• **What is required**
Print exactly the lines that run from the one containing "Summer Heat #26 PC Gameplay" to the final line of the data, both included, and print none of the pictures.

• **Dataset records**
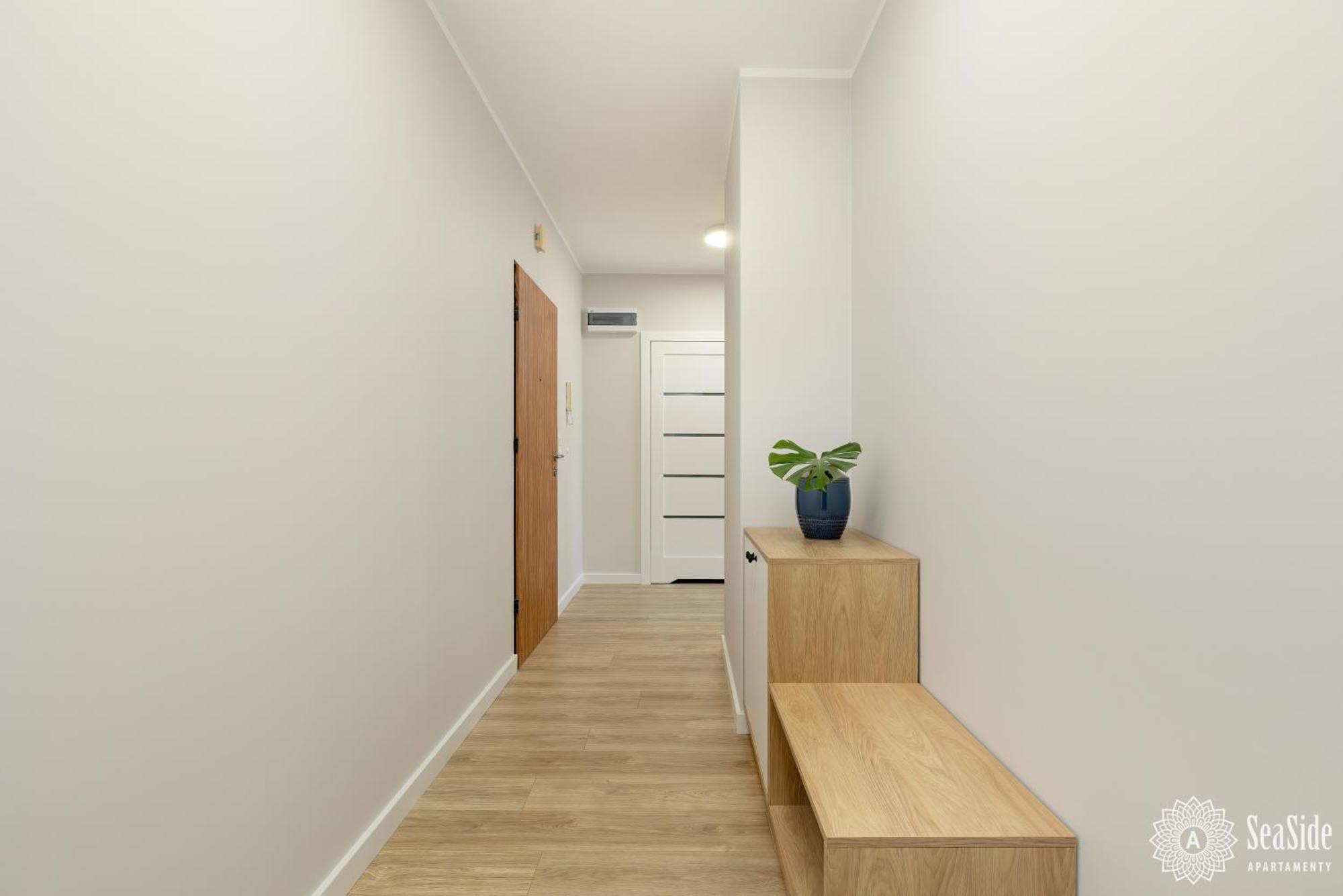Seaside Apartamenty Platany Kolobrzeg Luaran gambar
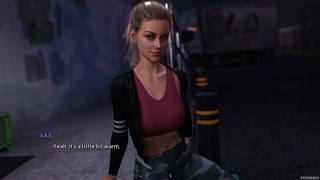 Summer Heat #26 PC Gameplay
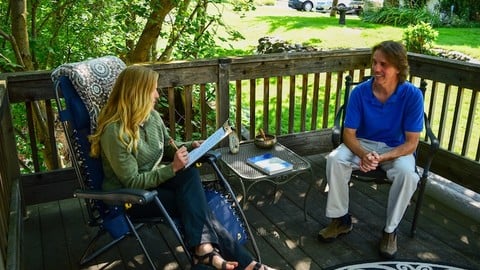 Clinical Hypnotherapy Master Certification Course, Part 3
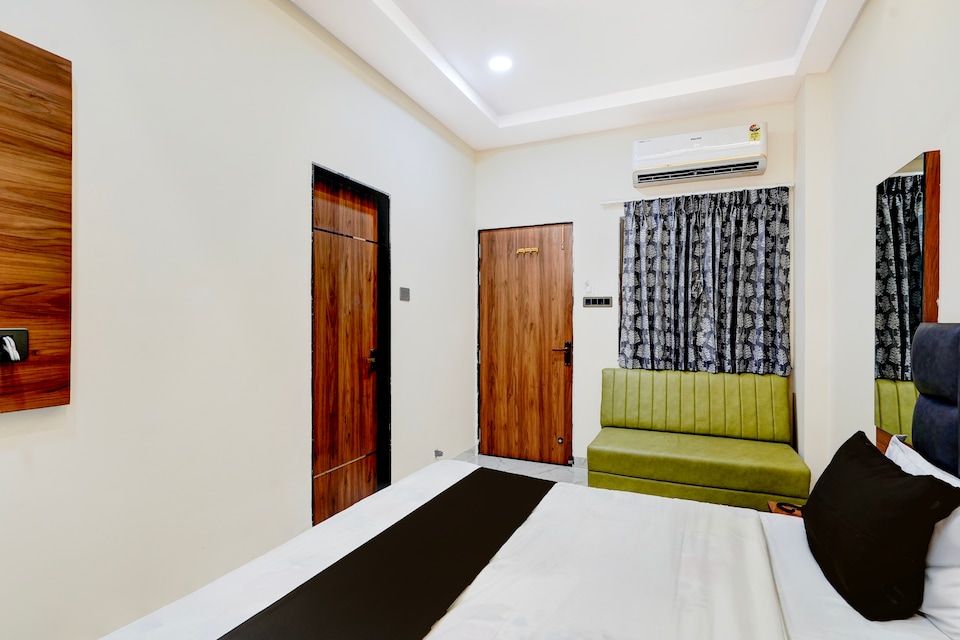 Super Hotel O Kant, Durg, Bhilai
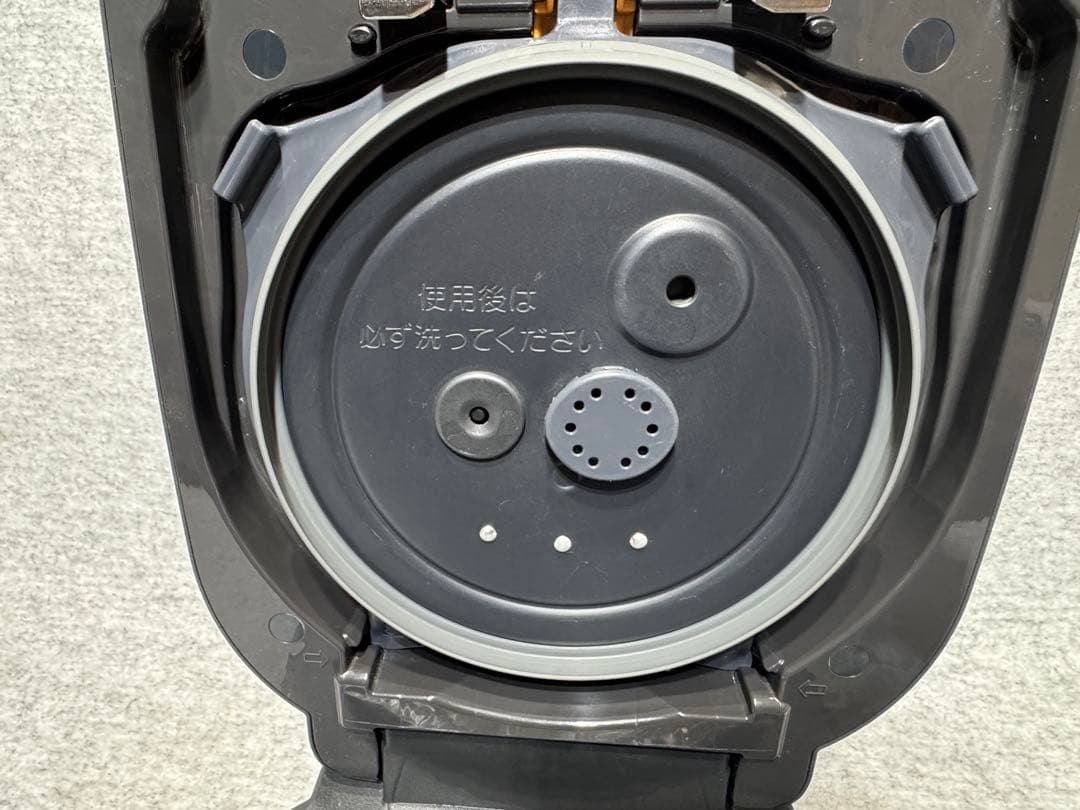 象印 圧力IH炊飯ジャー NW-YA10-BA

• **Solution to the exercise**
 Summer Heat #26 PC Gameplay
 Clinical Hypnotherapy Master Certification Course, Part 3
 Super Hotel O Kant, Durg, Bhilai
 象印 圧力IH炊飯ジャー NW-YA10-BA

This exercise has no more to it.